Demam berdarah dengue sering merebak di beberapa wilayah Indonesia. Korban jiwa pun berjatuhan. Ada yang menduga virus bermutasi, makin ganas dari waktu ke waktu. Ternyata bukan itu yang terjadi.
Tedjo Sasmono, Kepala Unit Dengue Lembaga Biologi Molekuler Eijkman, menyatakan, mutasi genom bisa meningkatkan virulensi, misalnya yang terjadi di Amerika Latin. Akan tetapi, sejauh ini, dari ratusan genom virus dengue Indonesia yang diteliti, belum ditemukan adanya mutasi yang langsung berhubungan dengan keparahan penyakit.
Semua serotipe virus dengue (DENV-1, DENV-2, DENV-3, DENV-4) bersirkulasi di Indonesia. Serotipe virus dengue yang dominan di tiap daerah berbeda-beda.
Siklus serotipe umum terjadi di Indonesia. Di Jakarta, tahun 2004 DENV-3 dominan, pada 2009 DENV-1 yang mendominasi, tahun 2018 ganti DENV-2 dominan. Tahun 1998, di Palembang, DENV-3 dominan.

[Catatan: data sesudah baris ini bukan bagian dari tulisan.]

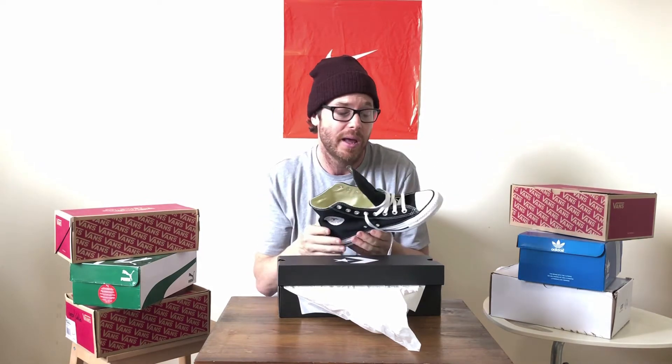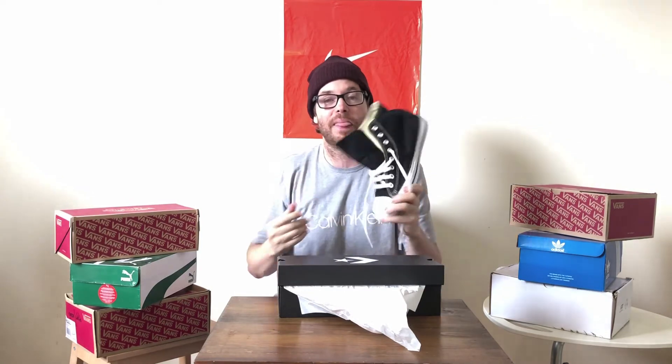They're pretty cheap even at full price — about $70 Canadian. And they look amazing. This is the most classic sneaker of all time. You just gotta have a pair of these.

Pada 2015 di Jambi, tetangga Palembang, DENV-1 yang dominan. ”Pola pergantian belum diketahui karena pemantauan virus bersifat sporadis, tidak rutin setiap tahun,” ujar Tedjo.
Keparahan penyakit dengue merupakan kombinasi dari faktor virus dan faktor manusia (respons imun). DENV-2 dan DENV-3 lebih sering menyebabkan keparahan penyakit dibandingkan dengan DENV-1 dan DENV-4. Virus yang mampu memperbanyak diri secara cepat cenderung meningkatkan keparahan penyakit. Adapun respons imun bersifat spesifik, tergantung dari tiap individu.
Beberapa faktor yang berpengaruh antara lain usia (anak-anak cenderung mengalami kebocoran plasma dibandingkan dengan dewasa), jenis kelamin (wanita cenderung lebih parah dibandingkan dengan pria), status gizi (anak kegemukan cenderung lebih parah). Selain itu, infeksi sekunder (infeksi kedua dan seterusnya) cenderung lebih parah dari infeksi primer (pertama).
Kematian akibat penyakit dengue bisa dicegah jika kita mengenal gejalanya dan segera mencari pertolongan. Demam dengue selalu ditandai dengan kenaikan suhu tubuh, tetapi tidak selalu ada bintik-bintik merah.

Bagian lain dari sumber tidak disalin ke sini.